The family did not follow him into exile immediately, but his devoted wife reached Navy Island a few hours before the dramatic moment when Drew arrived and the Caroline became a torch. Like Deborah, she, too, might have said, “I will surely go with thee, notwithstanding the journey shall not be for thine honour.” The general belief is that, though loyal to him and a staunch Reformer, she by no means sympathised in his ultra opinions and combustive action. She remained for two weeks in that dreadful place, made flannel cartridge-bags, slept in a rough log shanty on a shelf covered with straw, where the walls were poor protection from wet and cold and but a thin partition from the unholy clamour of the desperate crowd about her, and tried to inspire her husband and his followers by an example of courage and freedom from fear.
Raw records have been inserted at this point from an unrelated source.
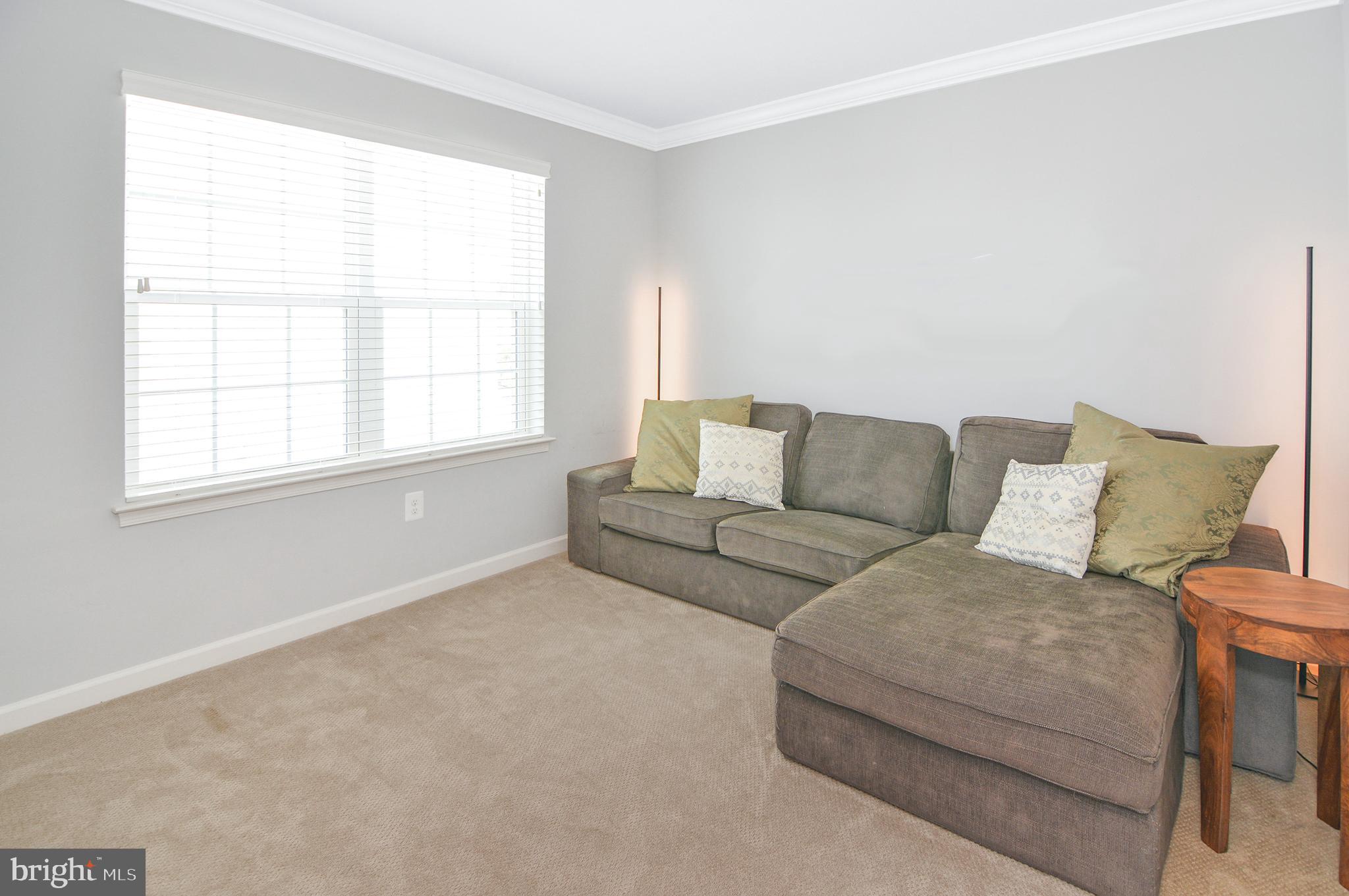 2307 Blackberry Road Baltimore, MD 21209 - Photo 19 of 37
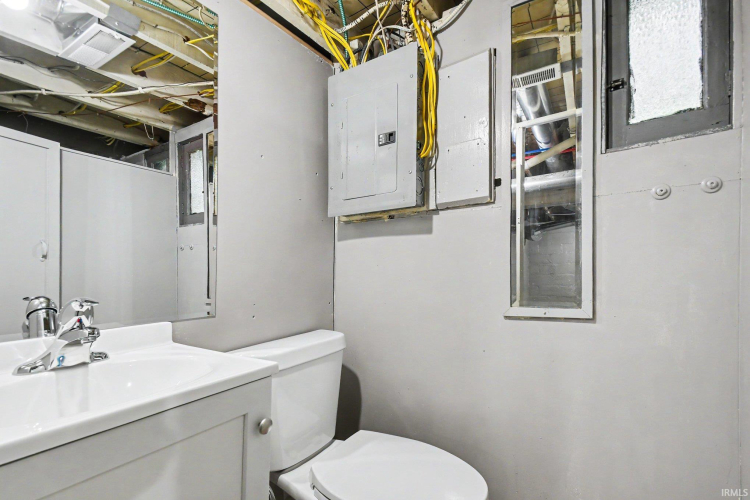 Listing Image 22
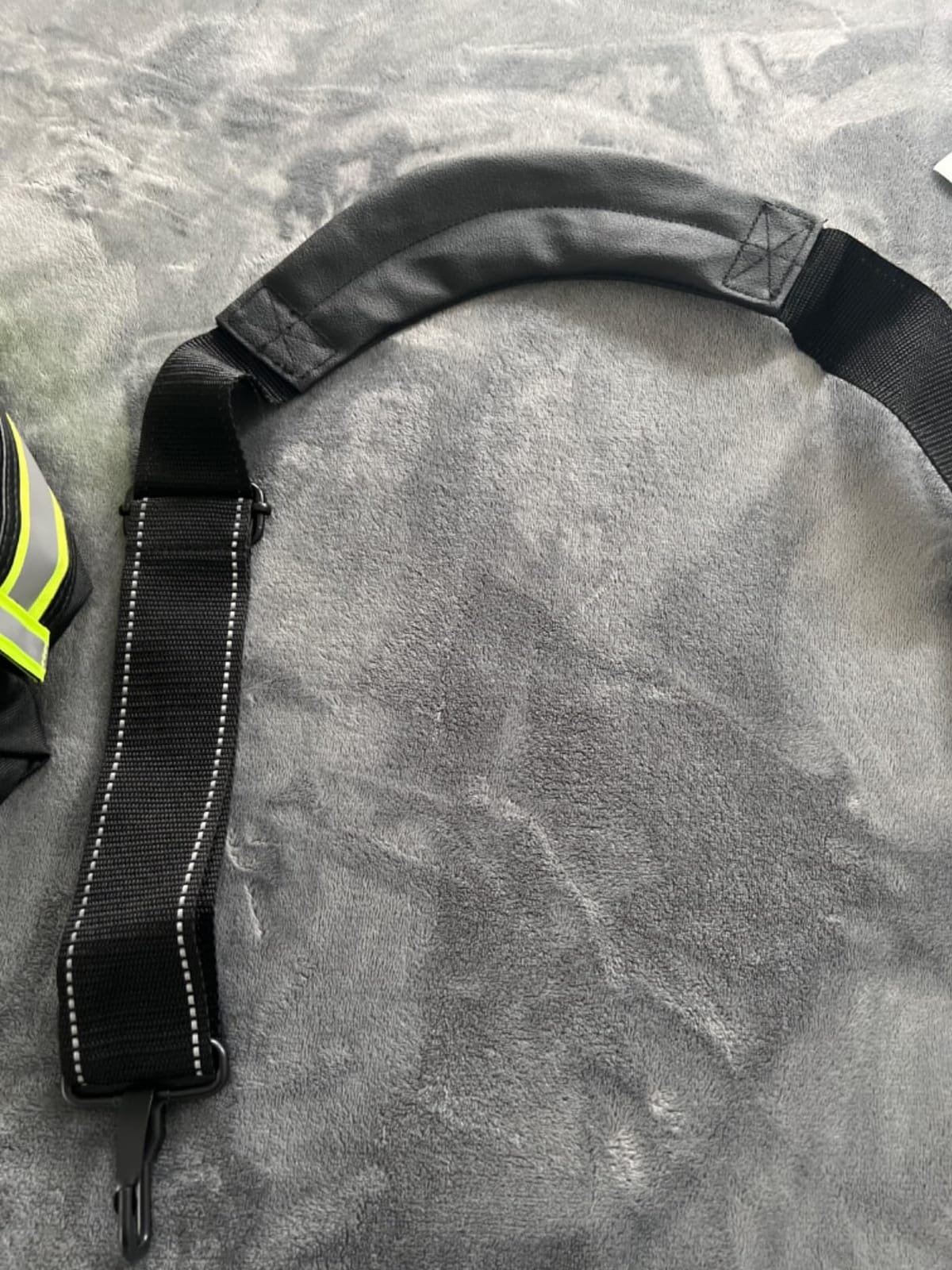Scherber First Responder Fully-Stocked Professional Essentials EMT/EMS Trauma Kit | HSA/FSA Approved | Reflective Bag w/8 Zippered Pockets & Compartments & 200+ First Aid Supplies - Red customer photo 1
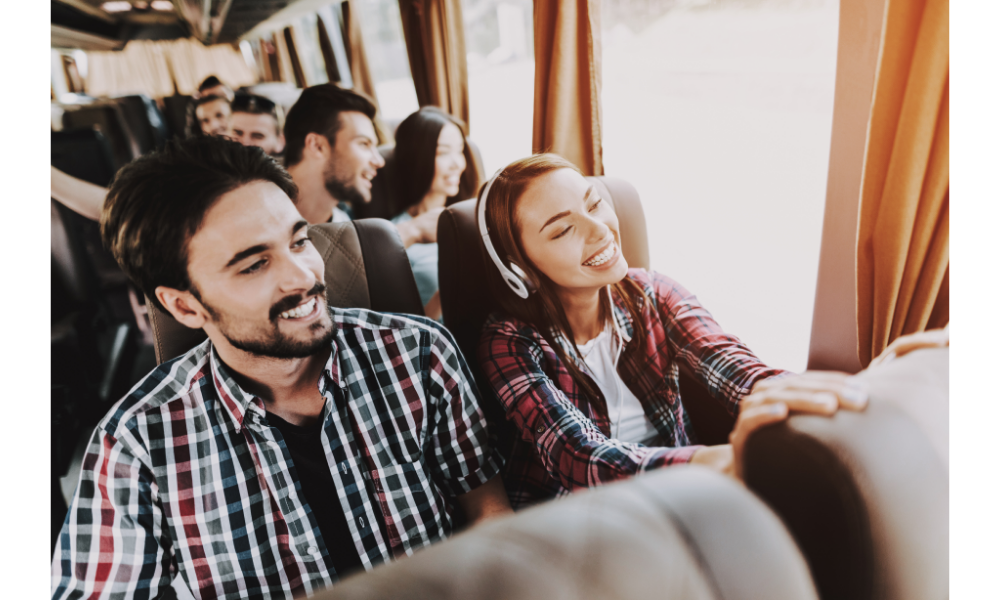 Casal viajando de ônibus.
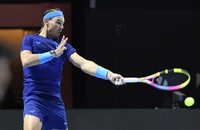 Djokovic nài nỉ Nadal đừng treo vợt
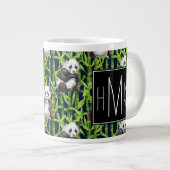 Panda mit Bambus Wasserfarbmuster| Monogramm Jumbo-Tasse (Vorderseite Rechts)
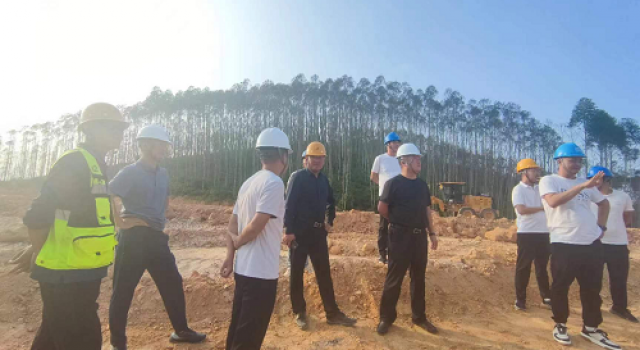 橫欽高速第四總監(jiān)辦組織開展第四季度“平安工地”安全檢查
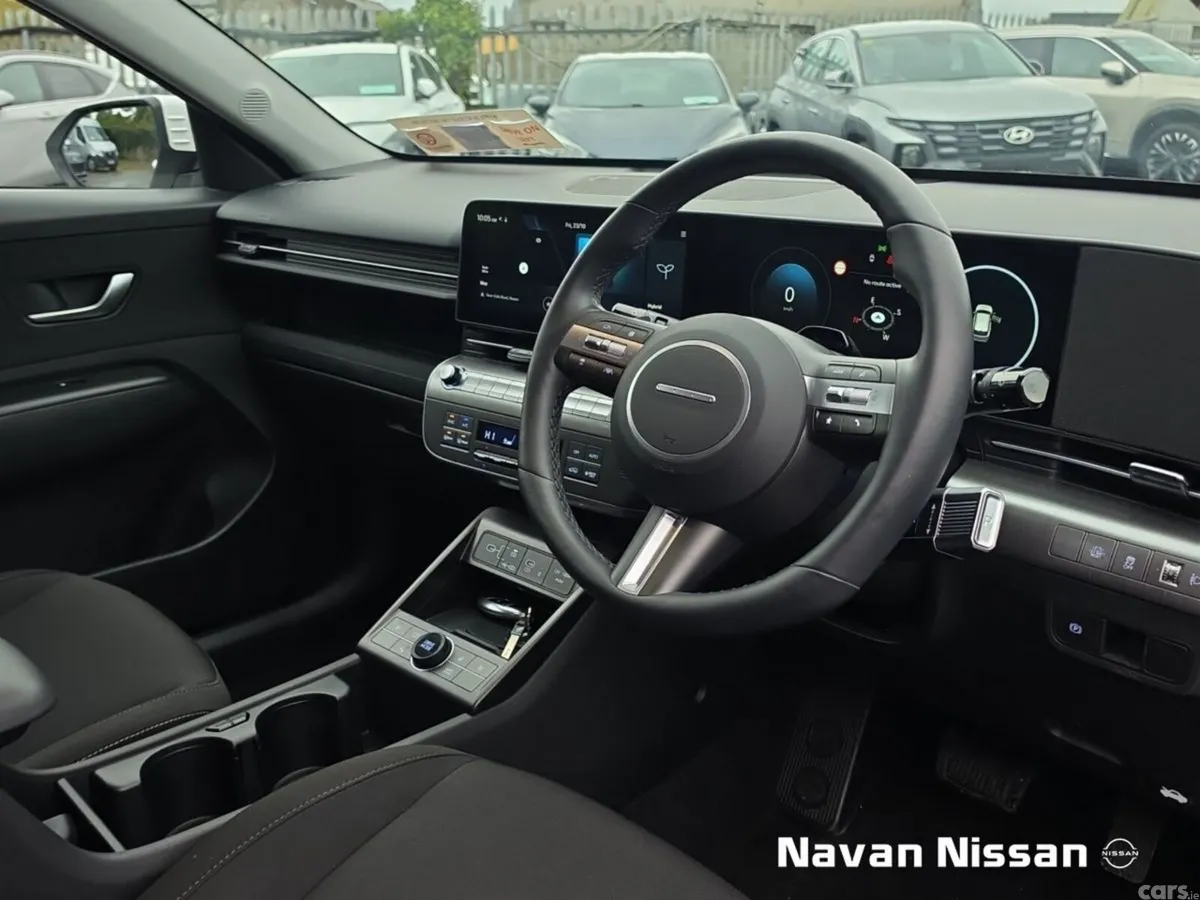 Hyundai KONA MPV, Petrol Hybrid, 2026, White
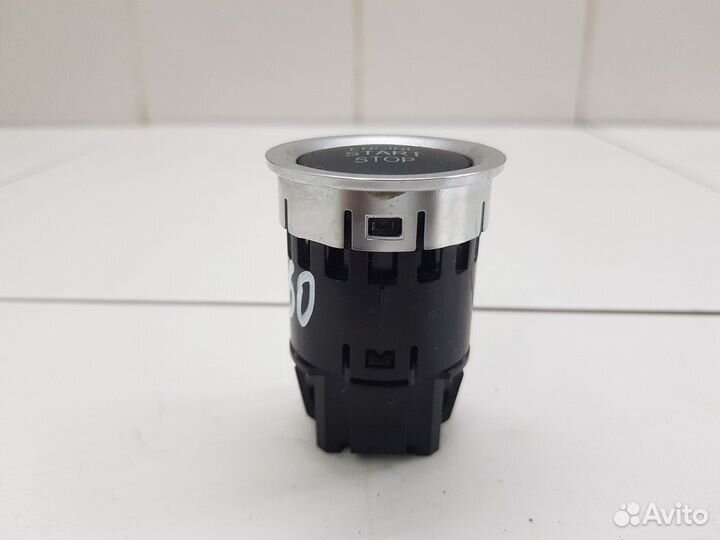 Кнопка запуска двигателя (Chery Tiggo 7)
Then ill-health obliged her to leave, and when accompanying her to the house of a friend in Buffalo Mackenzie was arrested for breach of the neutrality laws. Scylla and Charybdis, the devil and the deep sea, a dilemma with the orthodox number of horns, lose all strength as similes at this point of the small hero’s career.
The devotion of Mackenzie’s mother, like that of most mothers, begins at the date of his birth. She was her husband’s senior by nineteen years and old for a first experience of motherhood. The husband’s death followed soon after, and then came the vows which her Church prescribed for the orphaned infant’s baptism, a struggle with misfortune, and a determination to keep a roof over their two heads. Strange to say, both grandparents were Mackenzies,—one Black Colin, or Colin Dhu—and both Loyalists who fought for the Stuarts.
In 1801 there was a grievous famine, and one of the earliest memories of “the bright boy with yellow hair—wearing a blue short coat with yellow buttons,” is that of his mother taking the chief treasure of her kist, a plaid of her own clan tartan and spun with her own hands when a girl, to sell for bread. As he lay in his bed and watched her take it out—not with tears we may be sure, Mrs. Mackenzie was no crying woman—did this earnest of future days of want and care shadow the equally heroic spirit of the child. The priest-grey coat of his father had to follow. “Well may I love the poor, greatly may I esteem the humble and the lowly, for poverty and adversity were my nurses, and in my youth were want and misery my familiar friends,” he wrote later. Divine worship was held in that family of two, and it was a daily prayer that the rightful monarch might be set upon the throne, with the saving clause—prophetic glimpses of a Family Compact—that he might have able and wise counsellers, added.